[Exercise requirements] Exactly as written, return every line of the data below apart from the pictures.

[Dataset entries]
========================================
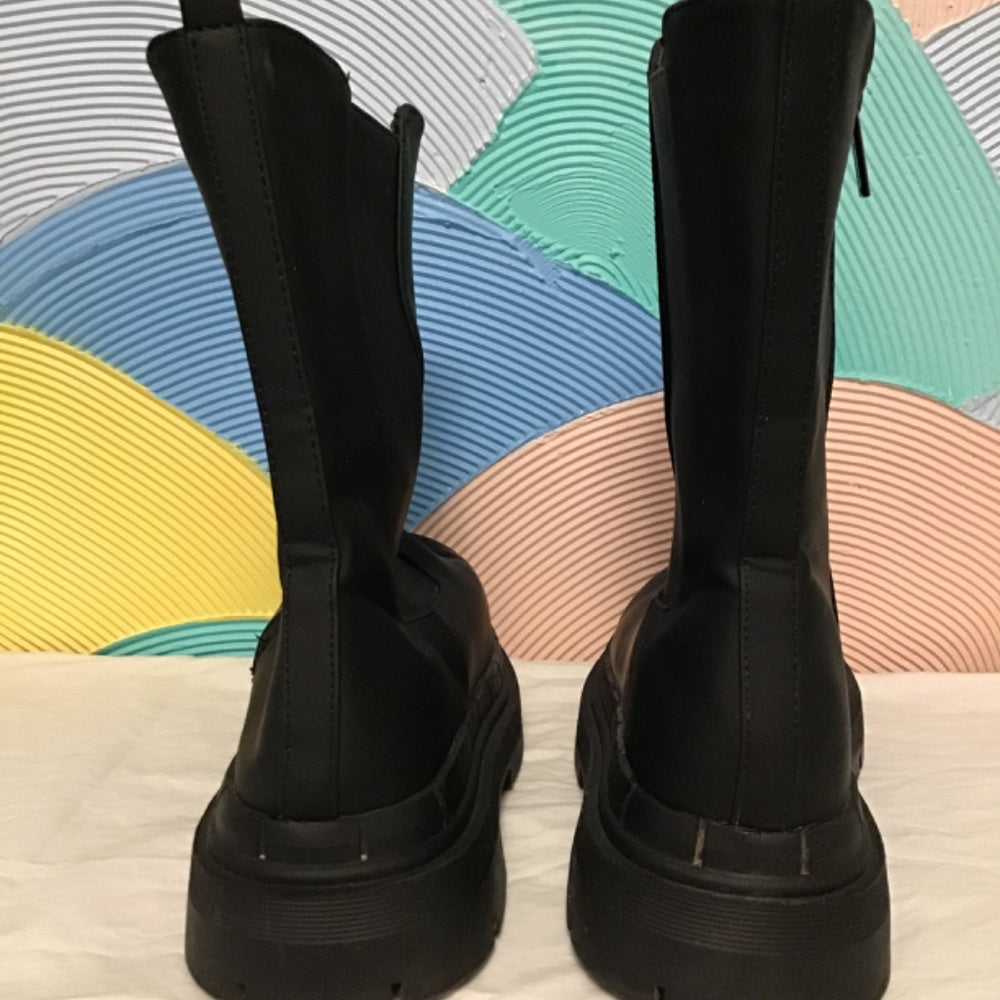 Unilady black zip up boots size 8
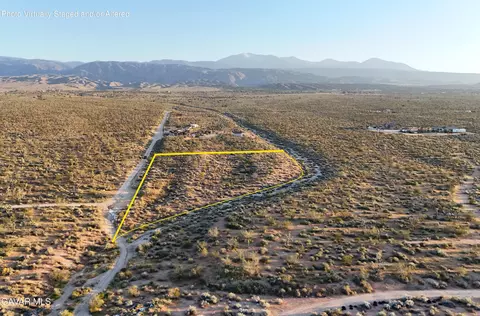 218 218th St E, Llano, CA 93544 photo 5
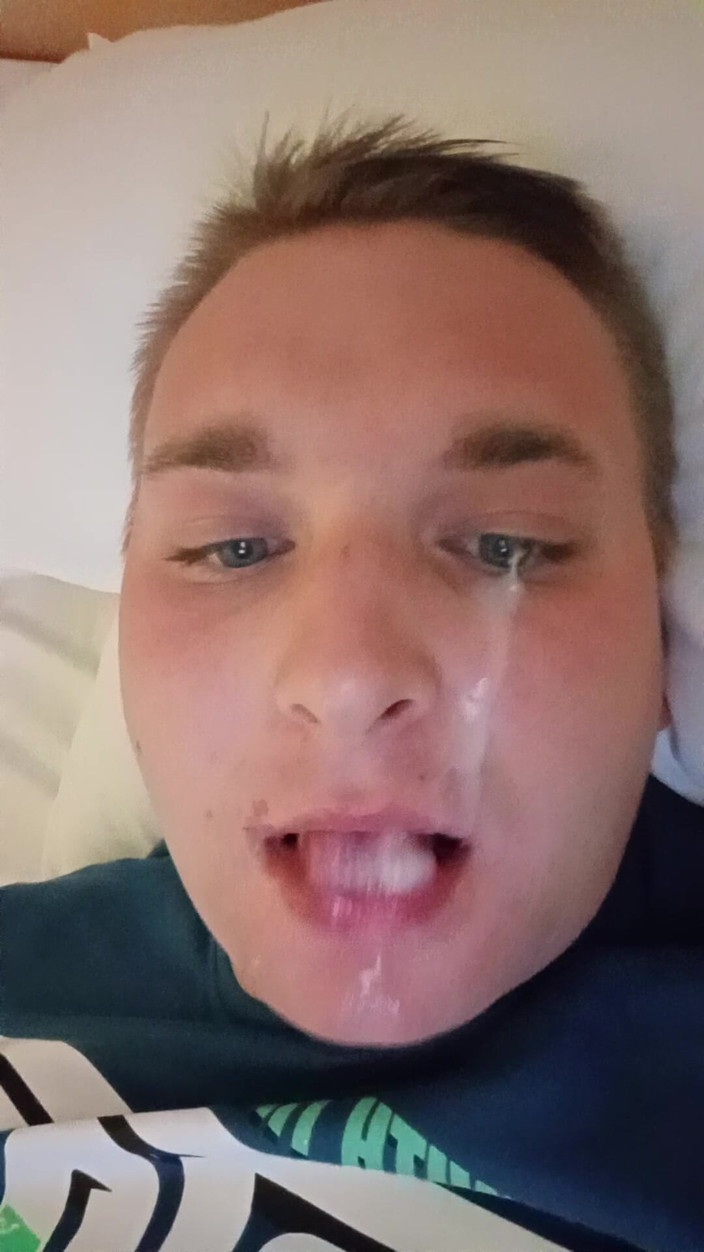 Mlody Valerianek: A young boy Olekolek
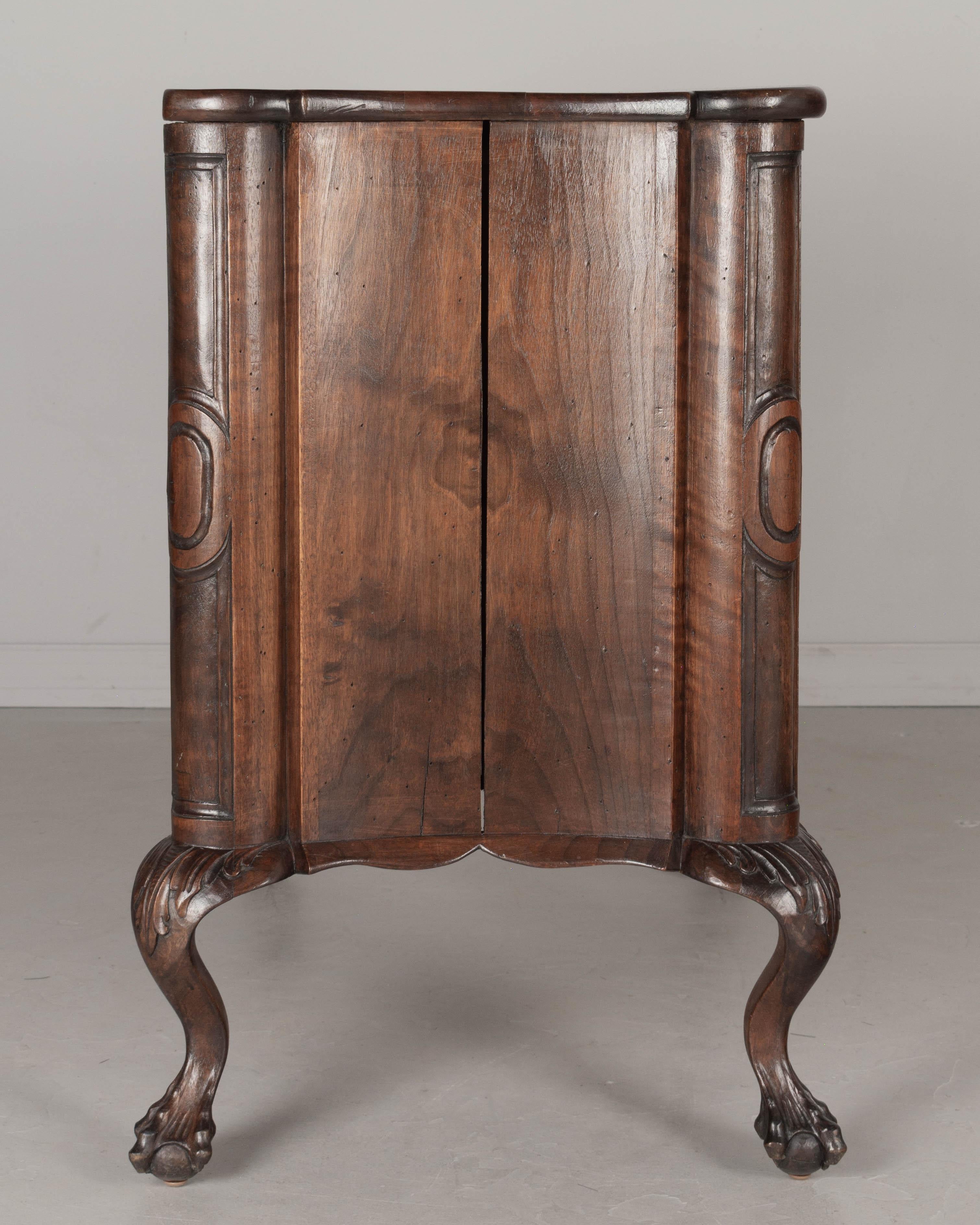 19th Century French Walnut Commode For Sale 1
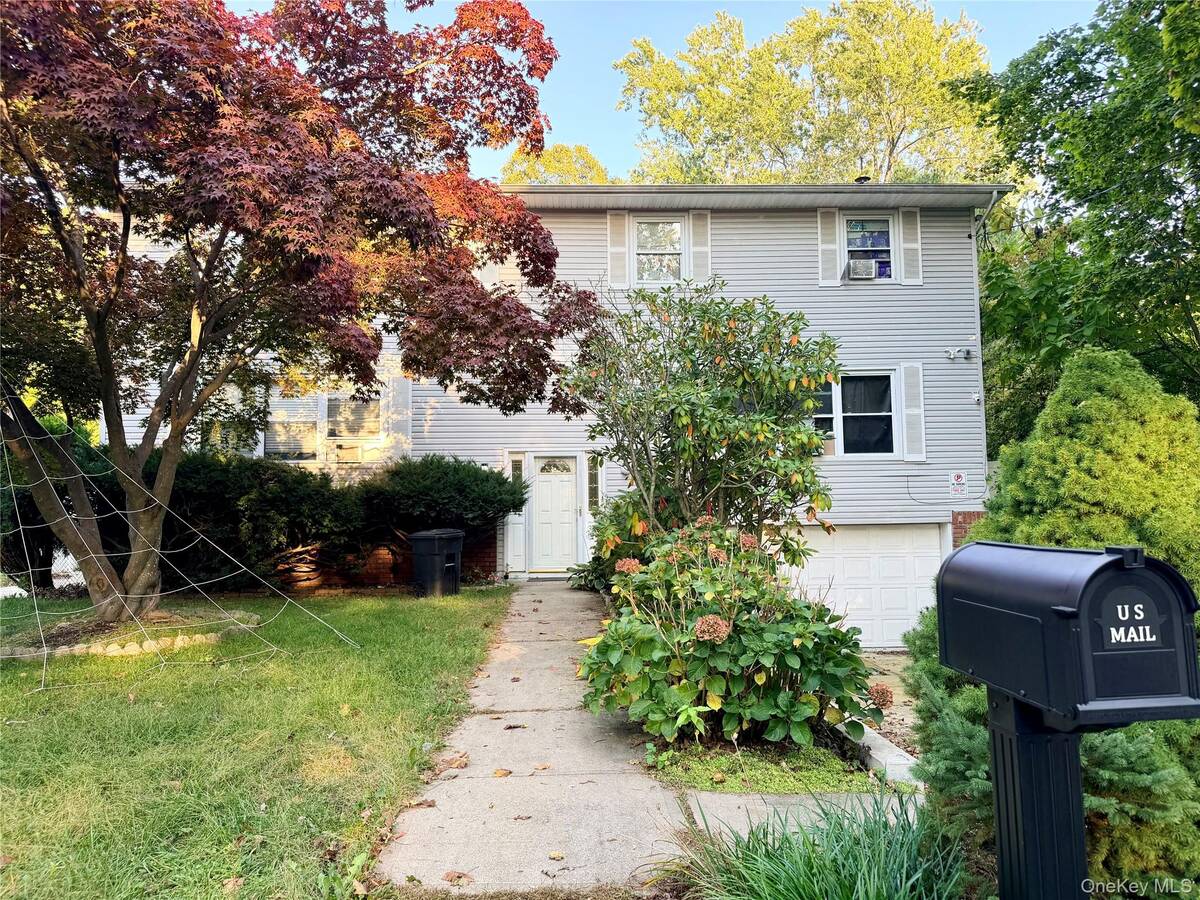 41 Evergreen Dr, Selden, NY 11784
========================================
[Response to this exercise]
 Unilady black zip up boots size 8
 218 218th St E, Llano, CA 93544 photo 5
 Mlody Valerianek: A young boy Olekolek
 19th Century French Walnut Commode For Sale 1
 41 Evergreen Dr, Selden, NY 11784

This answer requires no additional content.